Music

The swing and blues dances we enjoy today developed alongside the music created by African Americans and made popular in the United States in the first half of the twentieth century, jazz. We also dance to music by modern artists who continue to play these styles of music.

The Nineteen-Twenties

Jazz music came into popularity in America just after the First World War and into the 1920s. 

Starting in New Orleans, jazz was a blend of African and European musical traditions, with roots including blues and ragtime music and incorporating influences from gospel, vaudeville, Tin Pan Alley tunes, and Broadway.

Many African Americans in the 1920s (and continuing into the 1970s) left the South to flee racial violence and segregation and to pursue better opportunities in the Northern states during what is known as the Great Migration.

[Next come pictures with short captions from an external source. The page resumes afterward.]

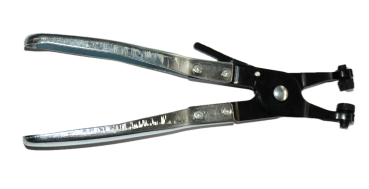 Schlauchschellenzange Schlauchschellen - Zange, MIN-HOSEP-001, Spezialwerkzeug, Spezialwerkzeug für MINI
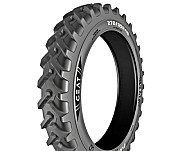 270/95 R42 Ceat FARMAX RC 137D Сільгосп шина Киев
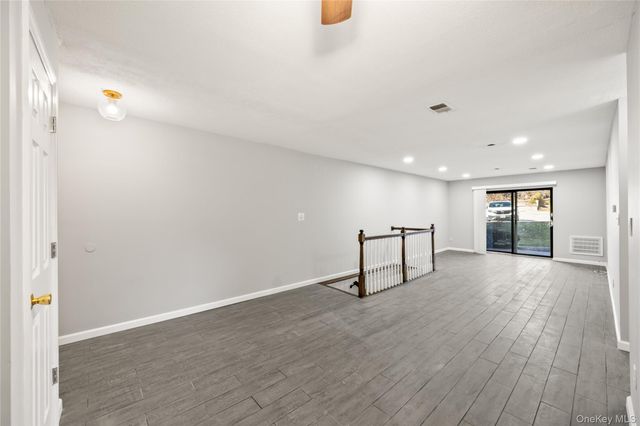 402 Kennedy Drive, Spring Valley, NY 10977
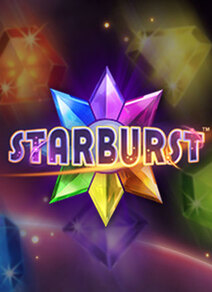game-slots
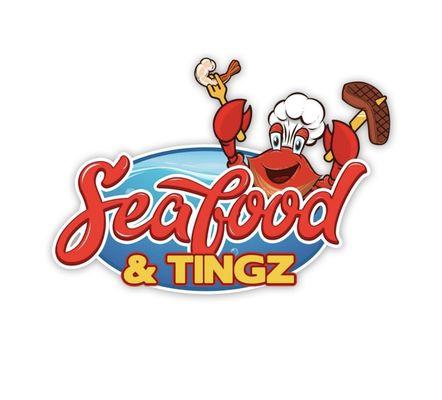 Hottest Seafood & Soulfood spot in the Heart of Brooklyn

Many jazz and blues musicians from New Orleans moved to Chicago and other Northern cities in this period, including Joe ‘King’ Oliver and Louis Armstrong.

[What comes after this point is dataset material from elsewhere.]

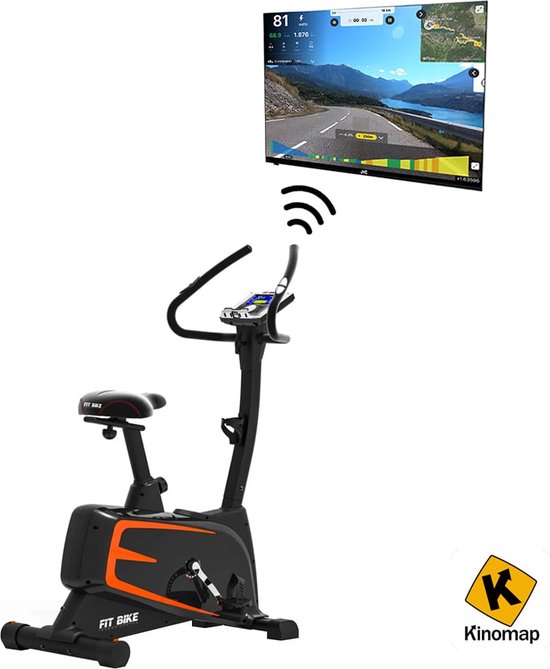 Fitbike Ride 6 iPlus-6-min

The New York neighbourhood of Harlem was a hub for African American artists, writers and activists during what is known as the Harlem Renaissance. Harlem was also home to some of the most popular ballrooms and night clubs in New York, including the Savoy Ballroom, the Cotton Club, Small’s Paradise and Connie’s Inn. Some of these venues, like the Savoy Ballroom, were integrated, and others, like the Cotton Club, were segregated and only admitted African Americans as performers.

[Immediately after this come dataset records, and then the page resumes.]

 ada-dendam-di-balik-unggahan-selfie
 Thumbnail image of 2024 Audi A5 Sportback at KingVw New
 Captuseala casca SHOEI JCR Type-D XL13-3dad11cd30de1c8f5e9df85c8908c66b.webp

New York-based musicians and arrangers Don Redman and Fletcher Henderson played a major role in popularising elements of big band jazz that we still recognise today. Their arrangements included call and response between the horns, reeds, and rhythm sections, playing solos over harmonies played by the ensemble, and the use of riff-based melodies.

recommended listening

Muskrat Ramble (Remastered): Louis Amstrong and His Hot Five.

Armstrong’s Hot Five Recordings include some stellar performances. Armstrong and his bands helped to popularise some of the most popular jazz standards of the 1920s and 30s, including ‘Stardust’, ‘Ain’t Misbehavin’, and ‘St Louis Blues’.

 

The Duke: The Columbia Years (1927-1962). 

Duke Ellington recorded music solo and with a number of bands in the 1920s. This compilation includes work from throughout his career, including his early work with The Washingtonians and his Orchestra.

Ethel Waters: Sweet Georgia Brown (Original Recordings, 1923-25).

At one point in the 1920s, Ethel Waters was one of the highest-earning women in the entertainment business. This compilation includes lots of good examples of Ethel Waters’ early music with catchy tunes and bawdy lyrics.

Bix Beiderbecke: Volume 1: Singin’ the Blues.

Bix Beiderbecke was a hugely influential trumpet player and bandleader. This is a compilation of Beiderbecke’s major recordings with Frank Trumbauer from the 1920s.

nineteen-thirties & forties

Kansas City, a city renowned for its all-night jam sessions and bands who played improvised ‘head arrangements’, is also considered the origin of one of the most influential innovations in jazz music in the late 1920s and early 1930s: swing rhythm. Swing went on to dominate popular jazz music for the next two decades. 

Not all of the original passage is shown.